● YOUR GOAL
Repeat exactly, and nothing more, the lines from the one that includes "BLACK) SkateBoarding Low" through the final line of the entries; skip the pictures.

● THE INPUT
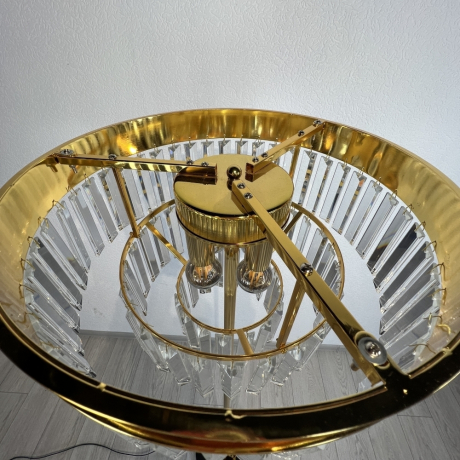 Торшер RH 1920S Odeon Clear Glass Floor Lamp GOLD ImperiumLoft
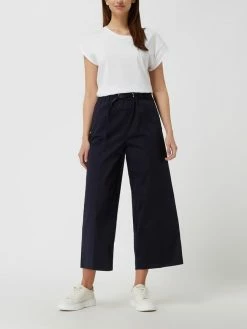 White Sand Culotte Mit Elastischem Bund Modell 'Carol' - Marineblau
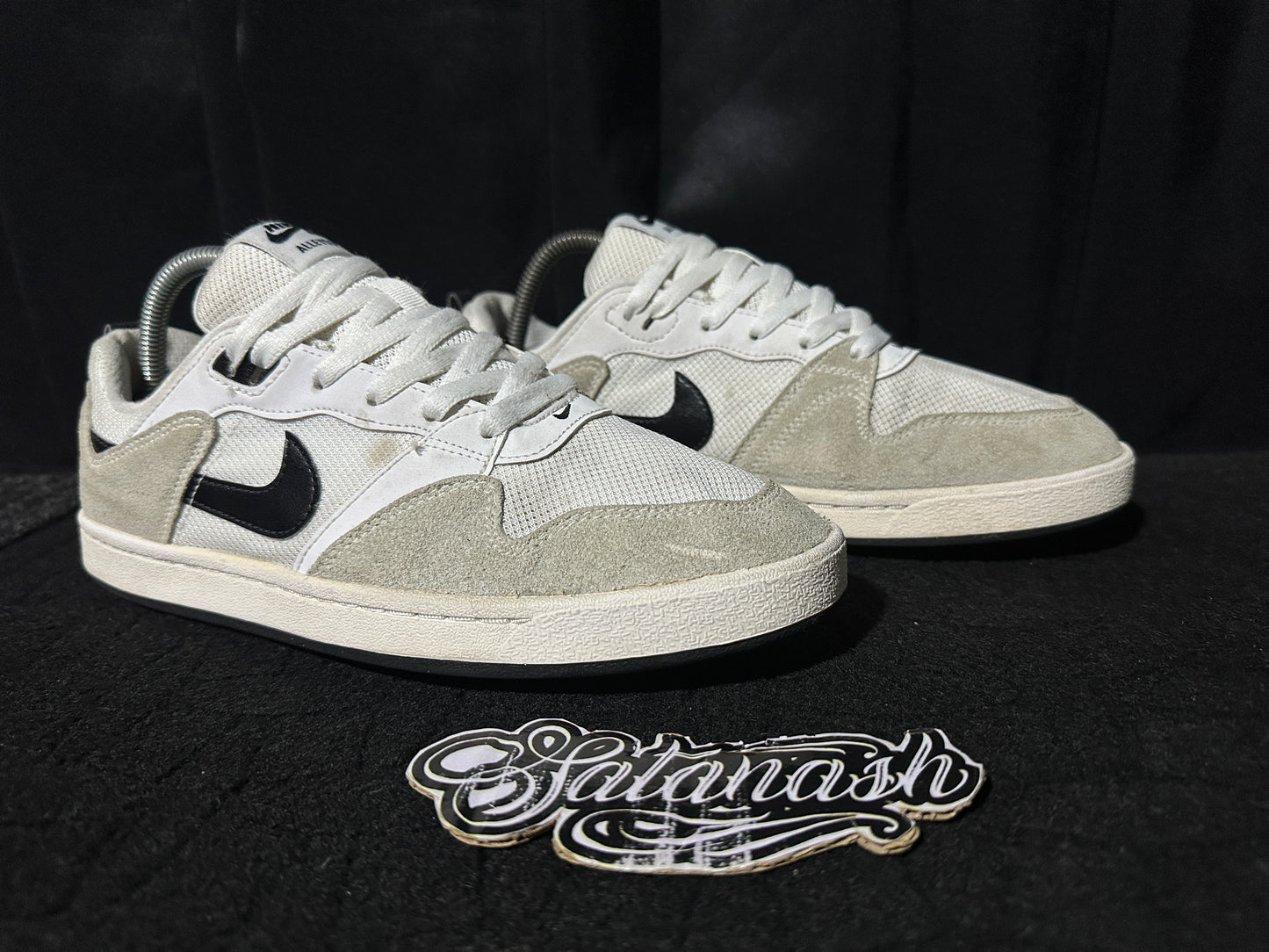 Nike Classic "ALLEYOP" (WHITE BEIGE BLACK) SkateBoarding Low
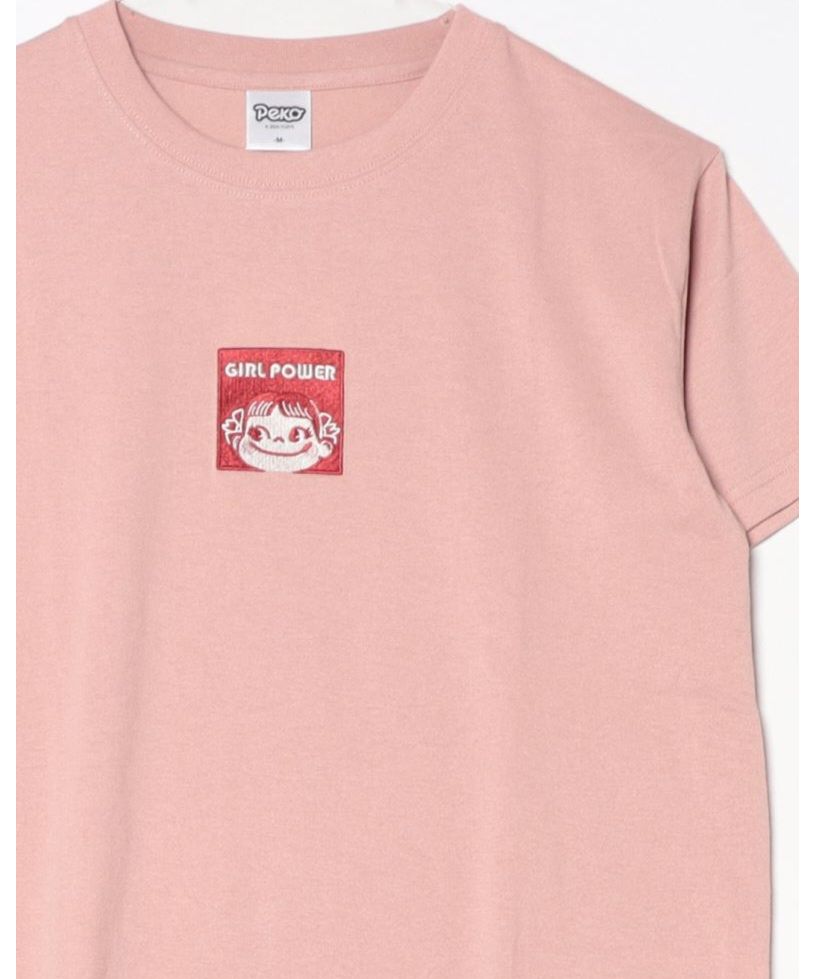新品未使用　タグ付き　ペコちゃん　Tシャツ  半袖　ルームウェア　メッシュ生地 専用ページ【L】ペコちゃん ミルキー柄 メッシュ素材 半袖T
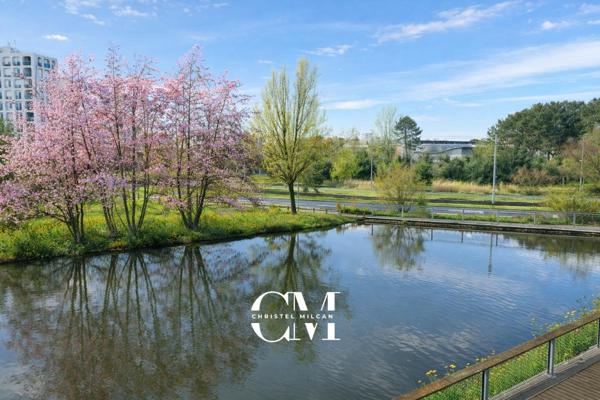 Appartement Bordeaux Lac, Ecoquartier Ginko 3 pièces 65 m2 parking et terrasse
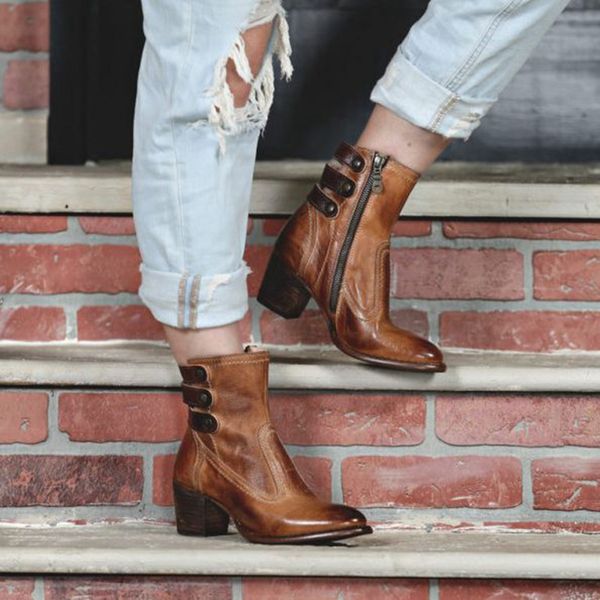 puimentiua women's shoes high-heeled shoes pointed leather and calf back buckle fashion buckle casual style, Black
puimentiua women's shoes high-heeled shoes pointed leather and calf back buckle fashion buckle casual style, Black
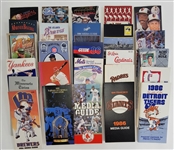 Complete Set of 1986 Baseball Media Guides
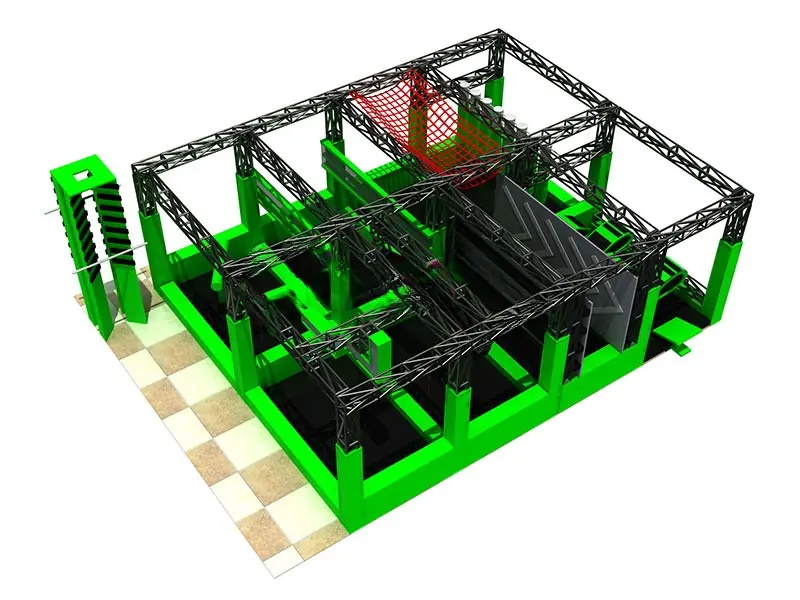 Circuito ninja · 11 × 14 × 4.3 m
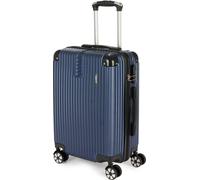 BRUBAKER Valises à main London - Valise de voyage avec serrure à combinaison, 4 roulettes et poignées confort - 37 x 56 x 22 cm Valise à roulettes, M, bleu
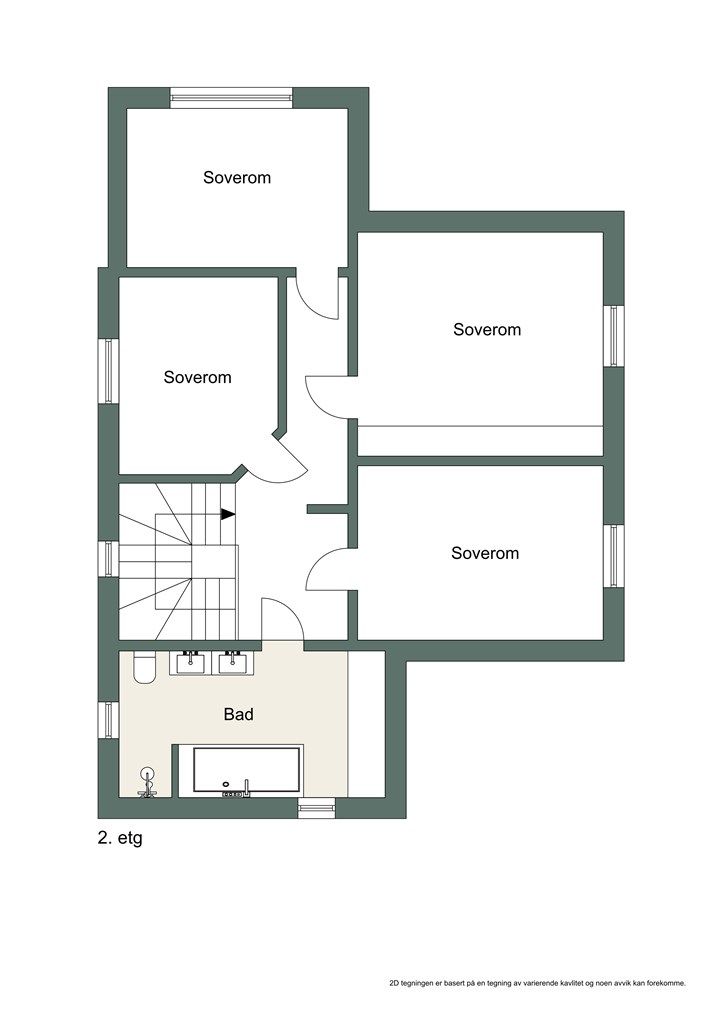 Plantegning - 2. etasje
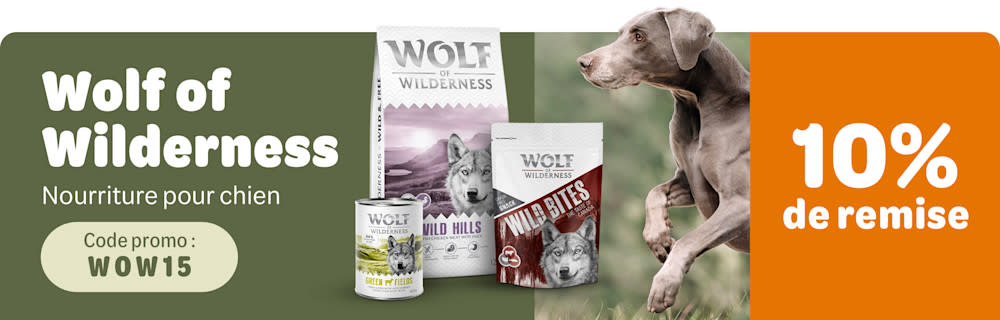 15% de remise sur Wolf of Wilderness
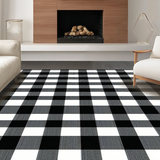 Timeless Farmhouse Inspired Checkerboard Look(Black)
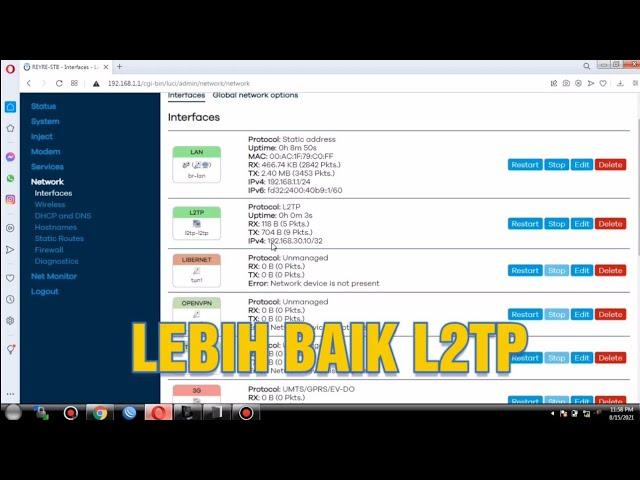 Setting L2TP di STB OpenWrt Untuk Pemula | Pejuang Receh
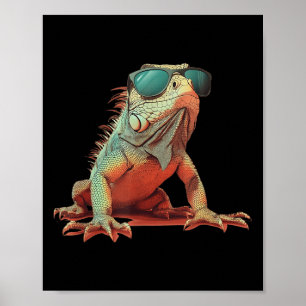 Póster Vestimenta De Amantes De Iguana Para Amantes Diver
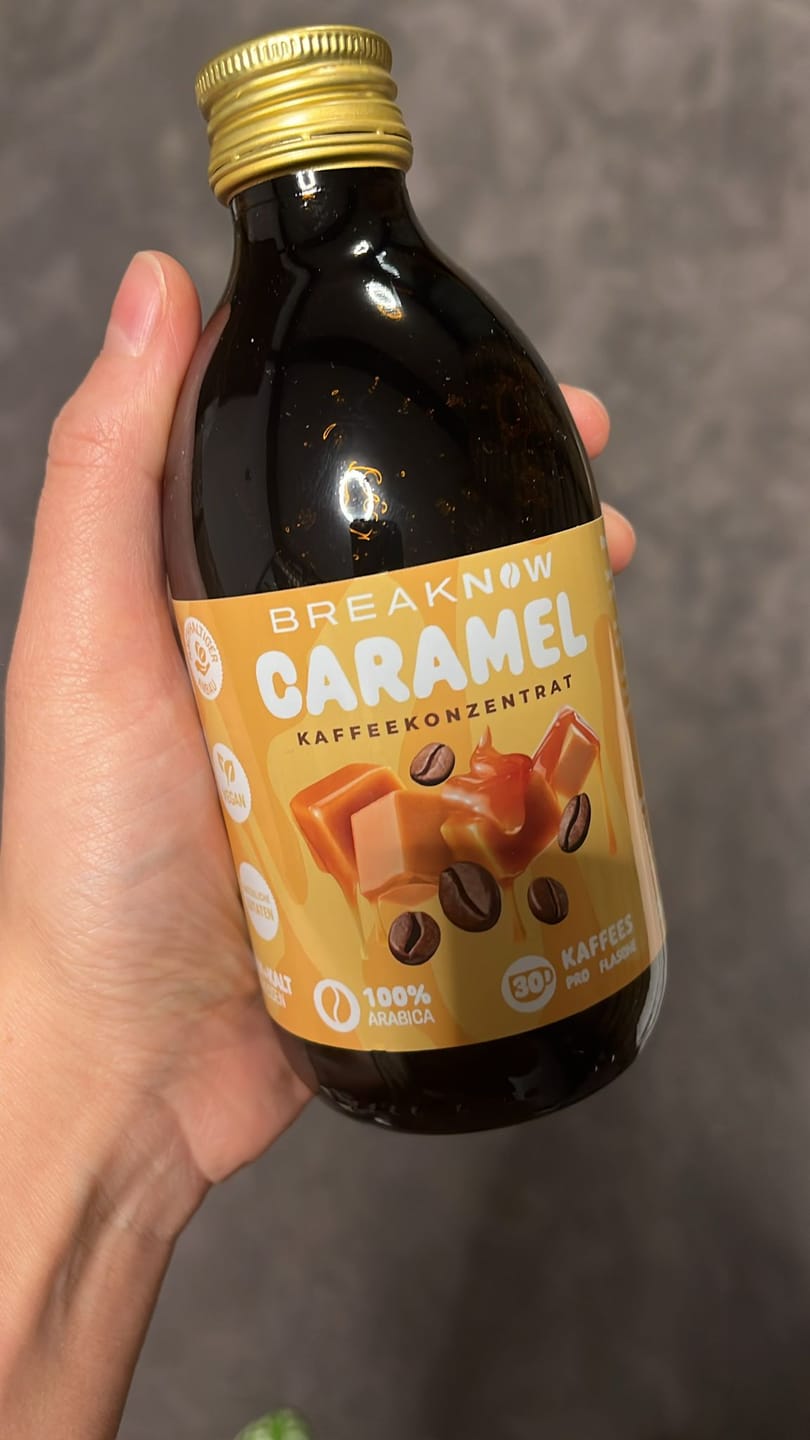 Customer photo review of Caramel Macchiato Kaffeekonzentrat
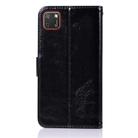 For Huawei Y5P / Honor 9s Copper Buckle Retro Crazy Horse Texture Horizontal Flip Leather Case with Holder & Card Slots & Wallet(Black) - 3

● ANSWER SPACE
 Nike Classic "ALLEYOP" (WHITE BEIGE BLACK) SkateBoarding Low
新品未使用　タグ付き　ペコちゃん　Tシャツ  半袖　ルームウェア　メッシュ生地 専用ページ【L】ペコちゃん ミルキー柄 メッシュ素材 半袖T
 Appartement Bordeaux Lac, Ecoquartier Ginko 3 pièces 65 m2 parking et terrasse
 puimentiua women's shoes high-heeled shoes pointed leather and calf back buckle fashion buckle casual style, Black
puimentiua women's shoes high-heeled shoes pointed leather and calf back buckle fashion buckle casual style, Black
 Complete Set of 1986 Baseball Media Guides
 Circuito ninja · 11 × 14 × 4.3 m
 BRUBAKER Valises à main London - Valise de voyage avec serrure à combinaison, 4 roulettes et poignées confort - 37 x 56 x 22 cm Valise à roulettes, M, bleu
 Plantegning - 2. etasje
 15% de remise sur Wolf of Wilderness
 Timeless Farmhouse Inspired Checkerboard Look(Black)
 Setting L2TP di STB OpenWrt Untuk Pemula | Pejuang Receh
 Póster Vestimenta De Amantes De Iguana Para Amantes Diver
 Customer photo review of Caramel Macchiato Kaffeekonzentrat
 For Huawei Y5P / Honor 9s Copper Buckle Retro Crazy Horse Texture Horizontal Flip Leather Case with Holder & Card Slots & Wallet(Black) - 3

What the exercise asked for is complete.